30-Adaletsizlik

162 27 0
                                    

Özet: Jasmine üvey ablası ile tanışır. Babasının kendisine bakamadığını ama ablasına bakmayı başardığını düşününce sinirlenir. Kadın ona cana yakın davranır. Jasmine kendisinin refah içerisinde yaşamasından memnun değildir. Halkın refahını yükseltmek için bir çare arayışıyla Richard ile konuşmaya karar verir.

*** Yeni Bölüm ***

Dün aldığım kararı uygulamak için sabah kalkar kalkmaz Richard'ı görmek amacıyla hazırlanmaya başladım. Doan benden önce kalkmış ve kahvaltı hazırlamıştı. Masadaki sucuklu yumurta, pastırma ve meyve suyu, ağzımın suyunu akıtsa da kendimi suçlu hissettiğim için yemek istemedim.

İki ay önceye kadar ben de lapa yemek zorunda olan kalabalığın içindeydim. Şimdi bu lüksü hak ettiğimden emin değildim. Doan'ın sevgilisi olmasam, bu yiyecekleri ancak rüyamda görürdüm.

"Günaydın güzelim, otursana yemekler soğumadan kahvaltımızı edelim."

"Günaydın" dedim ama masaya oturmak yerine banyoya yürüdüm. Elimi yüzümü yıkayıp, dişlerimi fırçaladım. Yatak odasına geri dönerken Doan seslendi.

"Acele et Jasmine, soğuyunca bir şey benzemez."

"Sen ye, beni bekleme, aç değilim."

Kırmızı kar yağıyor desem daha fazla şaşıramazdı. Benim aç olmadığım bir anı hayal bile edemediğini anlıyordum.

"NE? AÇ DEĞİL MİSİN?"

"Bu kadar şaşırma, halkın kalanını düşününce iştahım kaçtı."

Doan cevap vermek yerine elindeki çatalı bıraktı. "Haklısın güzelim, olayları senin açından göremiyorum, üzgünüm."

"Hayır üzülme. Bu benim düşüncem. Bir buçuk ay önce seni tanımıyordum. O zamanlar ben de onlar gibi yaşıyordum. Bu yiyecekleri ancak hayal edebiliyordum."

"Her devirde zenginler ve fakirler arasında farklılıklar vardı. Şimdi neden olmasın?"

Doan kendi açısından haklı gözüküyordu. Şanslı azınlıktan biri olması onun suçu değildi. Zenginliği elde etti diye lanetlenmesi gerekmezdi. Benim düşüncelerim yüzünden üzülmesini istemedim.

"Affedersin saçmaladım. Hadi yiyelim" diyerek onu daha fazla üzmemek adına kendimi zorladım. Birkaç sucuk yiyip, yarım bardak meyve suyu içtim.

"Gecikeceğiz hadi kalkalım" dedim. Böylece daha fazla kendimi zorlamaktan kurtuldum. Doan birkaç lokmayı hızla ağzına tıktıktan sonra, kalkıp dişlerini fırçalamaya gitti. Ben daha önce fırçalamıştım ama sucuğun kokusu yüzünden tekrarlamak zorunda kaldım.

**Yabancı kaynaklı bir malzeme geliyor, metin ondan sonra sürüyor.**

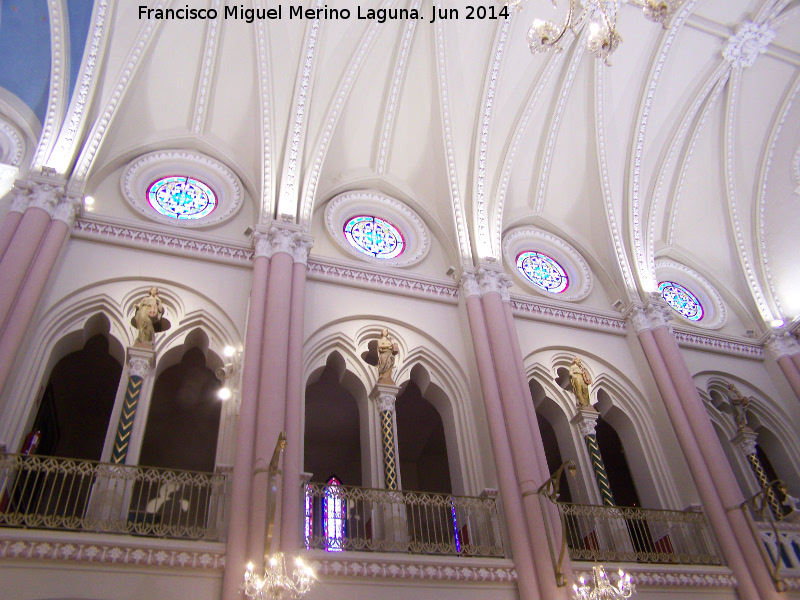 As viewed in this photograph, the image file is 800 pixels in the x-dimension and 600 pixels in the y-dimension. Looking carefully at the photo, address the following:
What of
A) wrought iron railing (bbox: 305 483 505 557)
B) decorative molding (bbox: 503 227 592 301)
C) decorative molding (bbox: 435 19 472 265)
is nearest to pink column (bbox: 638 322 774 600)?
decorative molding (bbox: 503 227 592 301)

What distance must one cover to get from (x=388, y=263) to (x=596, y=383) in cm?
462

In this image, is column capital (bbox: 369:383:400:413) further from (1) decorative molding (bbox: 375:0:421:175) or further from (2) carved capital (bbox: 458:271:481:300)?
(1) decorative molding (bbox: 375:0:421:175)

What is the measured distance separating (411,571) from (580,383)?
5270 millimetres

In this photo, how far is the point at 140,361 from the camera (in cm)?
1014

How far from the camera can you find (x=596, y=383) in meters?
13.2

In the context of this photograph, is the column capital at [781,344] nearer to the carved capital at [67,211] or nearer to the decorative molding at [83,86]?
the carved capital at [67,211]

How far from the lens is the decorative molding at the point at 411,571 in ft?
28.0

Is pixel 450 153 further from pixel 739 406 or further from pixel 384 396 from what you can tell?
pixel 739 406

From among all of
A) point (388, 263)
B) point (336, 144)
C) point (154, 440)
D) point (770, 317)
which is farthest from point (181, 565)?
point (770, 317)

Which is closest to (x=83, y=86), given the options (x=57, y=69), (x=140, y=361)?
(x=57, y=69)

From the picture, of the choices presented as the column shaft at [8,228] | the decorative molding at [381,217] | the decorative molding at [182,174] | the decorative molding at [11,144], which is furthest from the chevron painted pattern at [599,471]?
the decorative molding at [11,144]

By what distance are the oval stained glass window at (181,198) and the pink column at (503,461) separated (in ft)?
17.5

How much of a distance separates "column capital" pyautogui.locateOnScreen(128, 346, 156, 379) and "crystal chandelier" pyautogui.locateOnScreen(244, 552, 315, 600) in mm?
3583

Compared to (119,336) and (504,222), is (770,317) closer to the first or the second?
(504,222) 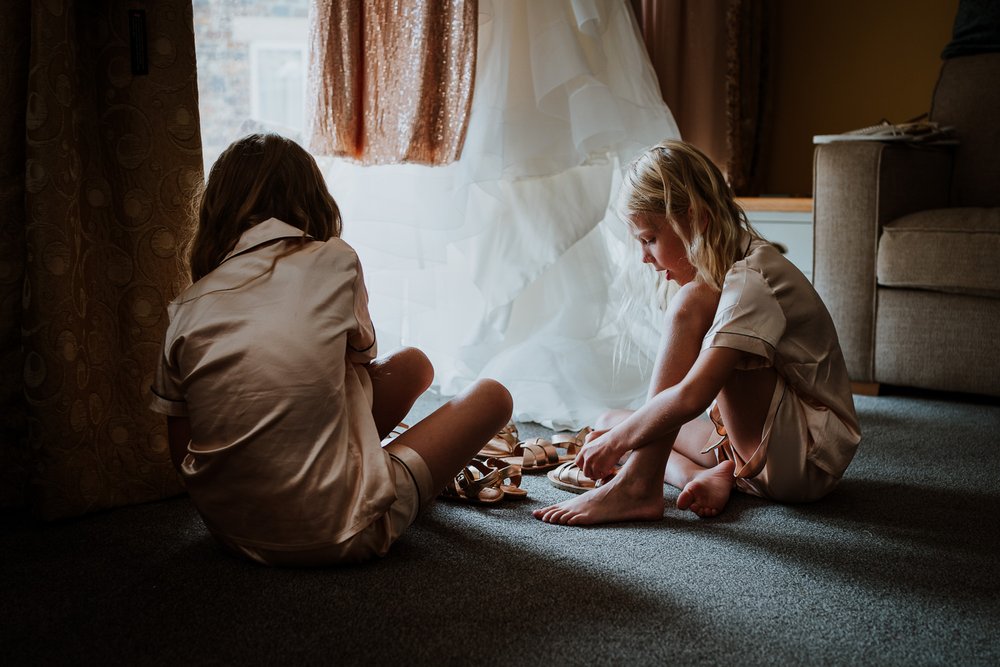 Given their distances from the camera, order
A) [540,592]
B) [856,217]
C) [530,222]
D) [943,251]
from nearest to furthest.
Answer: [540,592] → [530,222] → [943,251] → [856,217]

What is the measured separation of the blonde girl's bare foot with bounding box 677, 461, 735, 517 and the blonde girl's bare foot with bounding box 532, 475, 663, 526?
2.4 inches

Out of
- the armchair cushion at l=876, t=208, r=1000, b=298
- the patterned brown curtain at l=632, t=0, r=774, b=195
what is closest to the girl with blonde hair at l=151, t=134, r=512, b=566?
the armchair cushion at l=876, t=208, r=1000, b=298

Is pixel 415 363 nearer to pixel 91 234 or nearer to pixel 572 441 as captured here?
pixel 572 441

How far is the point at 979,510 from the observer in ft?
4.63

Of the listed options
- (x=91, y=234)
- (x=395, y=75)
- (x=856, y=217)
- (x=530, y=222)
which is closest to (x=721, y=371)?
(x=530, y=222)

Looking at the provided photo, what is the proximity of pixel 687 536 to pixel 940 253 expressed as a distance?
4.22ft

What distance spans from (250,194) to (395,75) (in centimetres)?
89

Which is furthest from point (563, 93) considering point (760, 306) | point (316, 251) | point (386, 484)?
point (386, 484)

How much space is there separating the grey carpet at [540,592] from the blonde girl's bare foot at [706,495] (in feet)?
0.09

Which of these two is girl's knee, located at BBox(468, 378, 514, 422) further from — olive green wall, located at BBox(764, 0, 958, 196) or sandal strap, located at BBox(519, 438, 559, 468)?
olive green wall, located at BBox(764, 0, 958, 196)

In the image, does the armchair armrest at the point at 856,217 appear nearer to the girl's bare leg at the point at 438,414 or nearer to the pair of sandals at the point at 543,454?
the pair of sandals at the point at 543,454

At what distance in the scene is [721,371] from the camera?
1.31 meters

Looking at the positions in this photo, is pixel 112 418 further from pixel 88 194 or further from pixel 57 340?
pixel 88 194

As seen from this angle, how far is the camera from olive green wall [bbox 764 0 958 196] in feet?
10.3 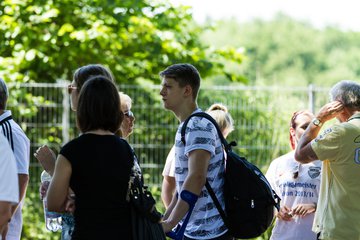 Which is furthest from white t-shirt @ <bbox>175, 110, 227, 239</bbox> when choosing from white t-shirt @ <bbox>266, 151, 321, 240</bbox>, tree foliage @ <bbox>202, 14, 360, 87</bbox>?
tree foliage @ <bbox>202, 14, 360, 87</bbox>

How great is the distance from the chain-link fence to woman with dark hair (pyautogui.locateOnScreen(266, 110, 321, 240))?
4.63 meters

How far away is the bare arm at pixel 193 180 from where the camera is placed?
5.13 metres

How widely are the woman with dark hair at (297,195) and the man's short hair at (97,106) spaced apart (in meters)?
2.60

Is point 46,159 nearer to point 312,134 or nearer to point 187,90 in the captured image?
point 187,90

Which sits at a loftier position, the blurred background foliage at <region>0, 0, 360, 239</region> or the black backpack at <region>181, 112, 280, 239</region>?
the blurred background foliage at <region>0, 0, 360, 239</region>

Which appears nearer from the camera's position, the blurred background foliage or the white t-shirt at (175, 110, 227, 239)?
the white t-shirt at (175, 110, 227, 239)

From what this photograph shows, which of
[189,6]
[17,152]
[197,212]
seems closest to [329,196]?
[197,212]

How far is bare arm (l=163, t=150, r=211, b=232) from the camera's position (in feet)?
16.8

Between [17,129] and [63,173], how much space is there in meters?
1.24

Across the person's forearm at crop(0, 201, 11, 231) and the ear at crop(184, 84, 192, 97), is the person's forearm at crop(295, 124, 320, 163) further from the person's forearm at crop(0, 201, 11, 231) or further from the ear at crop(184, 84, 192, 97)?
the person's forearm at crop(0, 201, 11, 231)

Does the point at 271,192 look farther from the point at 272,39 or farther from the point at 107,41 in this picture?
the point at 272,39

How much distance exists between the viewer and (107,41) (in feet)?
43.6

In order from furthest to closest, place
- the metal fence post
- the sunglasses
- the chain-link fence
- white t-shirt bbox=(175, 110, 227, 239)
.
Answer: the chain-link fence < the metal fence post < the sunglasses < white t-shirt bbox=(175, 110, 227, 239)

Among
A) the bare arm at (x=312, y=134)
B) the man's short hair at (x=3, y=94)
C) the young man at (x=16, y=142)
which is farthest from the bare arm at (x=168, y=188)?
the man's short hair at (x=3, y=94) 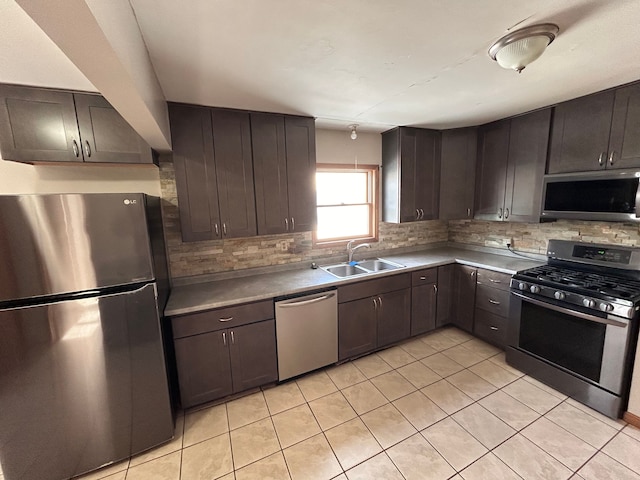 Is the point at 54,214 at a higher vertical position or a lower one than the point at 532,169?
lower

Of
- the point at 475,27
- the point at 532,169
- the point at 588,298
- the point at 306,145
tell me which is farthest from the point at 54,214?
the point at 532,169

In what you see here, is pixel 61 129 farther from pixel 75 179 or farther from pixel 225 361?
pixel 225 361

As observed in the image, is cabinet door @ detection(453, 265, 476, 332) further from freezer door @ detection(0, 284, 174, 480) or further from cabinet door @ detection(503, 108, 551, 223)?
freezer door @ detection(0, 284, 174, 480)

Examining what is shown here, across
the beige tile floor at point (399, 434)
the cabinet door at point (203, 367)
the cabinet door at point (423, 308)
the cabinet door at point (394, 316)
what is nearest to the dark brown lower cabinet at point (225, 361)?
the cabinet door at point (203, 367)

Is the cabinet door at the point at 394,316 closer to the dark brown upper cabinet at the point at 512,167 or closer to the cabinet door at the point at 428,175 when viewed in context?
the cabinet door at the point at 428,175

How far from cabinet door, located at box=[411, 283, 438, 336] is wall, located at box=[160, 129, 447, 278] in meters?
0.73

Nihayet evden çıkabildiğimizde, Doan beni Başkanlık Sarayı'na bırakıp işine gitti. Richard'ın geleceğimden haberi yoktu. O yüzden danışmadaki görevliye kimliğimi gösterip, Başkan'la görüşmek istediğimi söyledim.

"Randevunuz var mıydı?"

"Hayır ama arayıp adımı söylerseniz beni kabul edecektir."

Görevli kadın pek ihtimal vermese de Başkan'ın özel kalemini arayıp adımı söyledi. Özel kalemin ne cevap verdiğini duymadım ama kadın telefonu kapattıktan sonra aşırı nazikleşmişti.

"Özür dilerim Bayan Jackson, sizi beklettim. Başkan sizi ofisinde bekliyor, yol göstermesi için birini görevlendireyim."

"Teşekkürler, gerek yok. Daha önce gelmiştim."

Kadın saygıyla eğilip iyi günler diledi. Özel Kalem'in kadına benim hakkında ne dediğini merak etmiştim.

Hızlı adımlarla merdivenleri çıktım. Başkan'ın ofisine girmeden önce Özel Kalem'in odasından geçiliyordu. Adam beni görünce ayağa kalkıp karşıladı. "Hoş geldiniz Bayan Jackson."